I’m as much of a fan of bosoms as anyone. Not the rock-my-soul
Abrahamic kind, you understand, the other kind. But my titular fandom
is tested by what seems to be daily Facebook “friend” invitations
from amply-endowed young women (or bots) whose sole claim to my
friendship appears to be the said endowments. Nothing else: no
schools to show, no places, no jobs, no other information, just big
tits. Here’s one that popped up a couple of days ago:
Which isn’t to say this ladybot doesn’t have anything else to offer, titillating or not. I’m reminded of an interview with the Bolivian-English actress Raquel Welch (née Tejada), she of One Million Years B.C. She said she was a skinny, scrawny kid who loved dancing and acting but couldn’t get any decent roles until her mid-teens when, as she put it, “the equipment arrived.” Everything changed, and next thing she was miniaturized, boobs and all, in Fantastic Voyage, leading to her three-spoken-lines-deerskin-bikini role in One Million Years. (I still have a crush on her, you understand, she was just a lovely, genuine person by all I’ve read and seen.) (For the record, I hate the word “boob.” Can’t understand how it got in here.)
Not to boast, but at 80, I think I’ve seen ‘em all: big, small, high, low, firm, soft, creamy white, copper brown, artificially added-to and subtracted-from, not forgetting none (post-mastectomy). And I can truly say, they’re all great in my memory. Breasts make me happy. I’ve never seen a pair that didn’t make my heart, among other organs, stir a little with pleasure.
Which brings me, in a roundabout way, to nipples, and specifically, Why do men have nipples?

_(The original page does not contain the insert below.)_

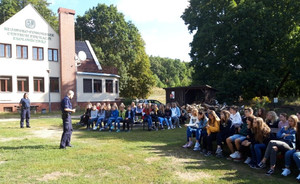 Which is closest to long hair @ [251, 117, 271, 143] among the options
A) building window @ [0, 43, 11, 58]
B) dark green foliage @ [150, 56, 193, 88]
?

The obvious response is, “Why not?” They’re harmless, somewhat erogenous, interesting even. The late evolutionist Stephen Jay Gould wrote a long essay on this, in which he also discussed the anatomical equivalence of the penis and clitoris* under the title “Tits and Clits.” (Which his editor at Nature nixed.) As Gould explained, we men have nipples because they develop in the womb before embryos have identified as male or female, so by the time any anatomical differences kick in, nipples have already developed. Another way of looking at it is that we all started out female, so male nipples are left over from that time. (To be clear, sex is actually determined at fertilization by the 23rd pair of chromosomes, either XX = female or XY = male, but it takes about 16 weeks for any differences to be visible by ultrasound.)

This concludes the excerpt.